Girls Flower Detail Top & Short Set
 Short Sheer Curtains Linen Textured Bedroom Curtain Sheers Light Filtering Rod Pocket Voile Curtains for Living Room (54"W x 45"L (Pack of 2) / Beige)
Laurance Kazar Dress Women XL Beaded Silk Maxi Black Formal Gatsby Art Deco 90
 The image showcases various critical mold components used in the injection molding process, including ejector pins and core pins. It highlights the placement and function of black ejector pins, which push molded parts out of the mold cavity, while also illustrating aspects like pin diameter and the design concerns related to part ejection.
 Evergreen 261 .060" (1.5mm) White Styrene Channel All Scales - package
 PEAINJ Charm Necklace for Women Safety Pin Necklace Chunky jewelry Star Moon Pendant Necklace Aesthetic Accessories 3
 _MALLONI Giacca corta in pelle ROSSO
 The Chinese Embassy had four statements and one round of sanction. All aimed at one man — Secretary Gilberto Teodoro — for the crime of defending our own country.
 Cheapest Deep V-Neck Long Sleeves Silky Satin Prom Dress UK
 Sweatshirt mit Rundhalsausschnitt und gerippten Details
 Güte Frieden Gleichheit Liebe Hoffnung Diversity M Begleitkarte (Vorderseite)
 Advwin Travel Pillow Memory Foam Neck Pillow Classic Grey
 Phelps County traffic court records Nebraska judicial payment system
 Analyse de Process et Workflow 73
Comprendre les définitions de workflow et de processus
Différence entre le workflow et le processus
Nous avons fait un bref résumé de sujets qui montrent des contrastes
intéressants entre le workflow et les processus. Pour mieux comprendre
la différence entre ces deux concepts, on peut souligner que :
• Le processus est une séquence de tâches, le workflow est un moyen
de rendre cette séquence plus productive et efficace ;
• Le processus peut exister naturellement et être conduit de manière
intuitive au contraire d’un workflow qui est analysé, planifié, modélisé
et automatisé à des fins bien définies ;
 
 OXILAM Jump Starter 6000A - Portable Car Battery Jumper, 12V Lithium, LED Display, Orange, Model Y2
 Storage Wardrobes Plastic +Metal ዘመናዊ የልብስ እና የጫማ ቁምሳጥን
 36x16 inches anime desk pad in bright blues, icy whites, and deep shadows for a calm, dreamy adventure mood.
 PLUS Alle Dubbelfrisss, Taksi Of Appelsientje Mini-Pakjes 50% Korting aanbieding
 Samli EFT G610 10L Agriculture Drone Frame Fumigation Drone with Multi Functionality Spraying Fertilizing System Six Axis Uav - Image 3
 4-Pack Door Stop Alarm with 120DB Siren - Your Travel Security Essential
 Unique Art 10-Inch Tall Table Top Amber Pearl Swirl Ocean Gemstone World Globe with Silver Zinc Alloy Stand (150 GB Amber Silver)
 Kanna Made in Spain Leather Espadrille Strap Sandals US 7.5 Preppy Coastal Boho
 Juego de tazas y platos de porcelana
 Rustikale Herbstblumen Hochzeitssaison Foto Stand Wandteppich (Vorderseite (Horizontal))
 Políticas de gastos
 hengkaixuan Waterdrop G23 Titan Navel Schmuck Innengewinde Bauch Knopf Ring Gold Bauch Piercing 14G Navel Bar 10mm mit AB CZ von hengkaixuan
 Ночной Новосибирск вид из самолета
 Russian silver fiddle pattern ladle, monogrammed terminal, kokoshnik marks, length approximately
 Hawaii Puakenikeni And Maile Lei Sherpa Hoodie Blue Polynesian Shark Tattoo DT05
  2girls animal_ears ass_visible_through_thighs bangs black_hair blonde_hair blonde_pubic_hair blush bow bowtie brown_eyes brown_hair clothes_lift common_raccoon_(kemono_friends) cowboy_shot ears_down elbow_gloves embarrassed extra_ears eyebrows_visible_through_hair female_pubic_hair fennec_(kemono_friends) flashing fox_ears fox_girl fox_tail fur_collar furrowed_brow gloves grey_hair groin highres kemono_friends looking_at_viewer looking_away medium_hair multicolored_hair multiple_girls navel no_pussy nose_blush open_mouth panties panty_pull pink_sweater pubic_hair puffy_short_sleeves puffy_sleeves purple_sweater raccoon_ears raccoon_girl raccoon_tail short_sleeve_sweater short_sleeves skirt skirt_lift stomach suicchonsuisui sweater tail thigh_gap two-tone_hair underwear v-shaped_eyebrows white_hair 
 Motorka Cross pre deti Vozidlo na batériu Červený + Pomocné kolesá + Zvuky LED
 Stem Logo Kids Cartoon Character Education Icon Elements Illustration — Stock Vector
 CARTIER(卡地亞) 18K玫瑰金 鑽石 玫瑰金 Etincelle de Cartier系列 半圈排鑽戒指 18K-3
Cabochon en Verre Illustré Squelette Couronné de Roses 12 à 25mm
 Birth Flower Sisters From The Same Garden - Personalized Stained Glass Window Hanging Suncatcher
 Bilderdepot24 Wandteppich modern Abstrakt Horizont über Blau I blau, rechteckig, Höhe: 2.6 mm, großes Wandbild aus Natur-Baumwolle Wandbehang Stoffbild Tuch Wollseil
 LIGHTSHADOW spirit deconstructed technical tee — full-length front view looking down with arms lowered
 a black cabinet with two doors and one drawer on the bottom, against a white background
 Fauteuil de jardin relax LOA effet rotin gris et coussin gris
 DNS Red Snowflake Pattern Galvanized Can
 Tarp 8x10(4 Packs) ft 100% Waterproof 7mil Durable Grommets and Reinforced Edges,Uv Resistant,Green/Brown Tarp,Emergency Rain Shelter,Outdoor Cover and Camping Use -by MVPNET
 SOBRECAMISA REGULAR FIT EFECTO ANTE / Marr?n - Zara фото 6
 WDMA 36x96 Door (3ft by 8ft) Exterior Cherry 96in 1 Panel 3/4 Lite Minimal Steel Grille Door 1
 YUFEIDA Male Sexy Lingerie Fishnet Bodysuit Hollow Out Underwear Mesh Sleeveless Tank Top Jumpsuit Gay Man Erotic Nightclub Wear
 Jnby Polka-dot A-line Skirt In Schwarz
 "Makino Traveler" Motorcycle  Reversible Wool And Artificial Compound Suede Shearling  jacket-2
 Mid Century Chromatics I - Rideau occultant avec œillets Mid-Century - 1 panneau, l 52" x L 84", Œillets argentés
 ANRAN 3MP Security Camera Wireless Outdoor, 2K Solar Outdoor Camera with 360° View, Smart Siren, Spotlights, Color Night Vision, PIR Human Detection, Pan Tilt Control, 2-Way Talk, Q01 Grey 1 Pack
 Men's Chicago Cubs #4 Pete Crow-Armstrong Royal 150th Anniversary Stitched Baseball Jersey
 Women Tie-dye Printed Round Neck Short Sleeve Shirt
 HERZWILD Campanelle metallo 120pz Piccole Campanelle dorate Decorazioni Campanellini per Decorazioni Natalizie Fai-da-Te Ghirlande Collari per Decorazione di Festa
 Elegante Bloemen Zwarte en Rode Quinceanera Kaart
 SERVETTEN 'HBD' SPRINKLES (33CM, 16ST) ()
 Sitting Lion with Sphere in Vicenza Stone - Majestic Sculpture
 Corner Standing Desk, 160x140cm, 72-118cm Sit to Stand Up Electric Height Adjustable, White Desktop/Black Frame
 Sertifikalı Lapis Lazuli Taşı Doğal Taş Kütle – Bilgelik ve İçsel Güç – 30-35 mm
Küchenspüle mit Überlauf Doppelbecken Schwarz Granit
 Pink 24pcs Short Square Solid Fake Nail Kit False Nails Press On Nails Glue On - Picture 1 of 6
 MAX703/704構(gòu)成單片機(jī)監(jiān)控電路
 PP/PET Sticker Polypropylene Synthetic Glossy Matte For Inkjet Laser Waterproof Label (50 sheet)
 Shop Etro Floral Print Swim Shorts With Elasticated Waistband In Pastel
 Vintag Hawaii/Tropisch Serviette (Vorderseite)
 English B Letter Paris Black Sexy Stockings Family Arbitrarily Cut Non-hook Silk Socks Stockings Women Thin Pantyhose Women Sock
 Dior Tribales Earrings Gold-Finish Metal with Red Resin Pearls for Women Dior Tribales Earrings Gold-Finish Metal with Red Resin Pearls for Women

• • • •

The task: The response should hold exactly the lines starting at the line with "Tarp 8x10(4 Packs)" and ending at the line with "SOBRECAMISA REGULAR FIT", and no other line of the material above.

Worked solution:
 Tarp 8x10(4 Packs) ft 100% Waterproof 7mil Durable Grommets and Reinforced Edges,Uv Resistant,Green/Brown Tarp,Emergency Rain Shelter,Outdoor Cover and Camping Use -by MVPNET
 SOBRECAMISA REGULAR FIT EFECTO ANTE / Marr?n - Zara фото 6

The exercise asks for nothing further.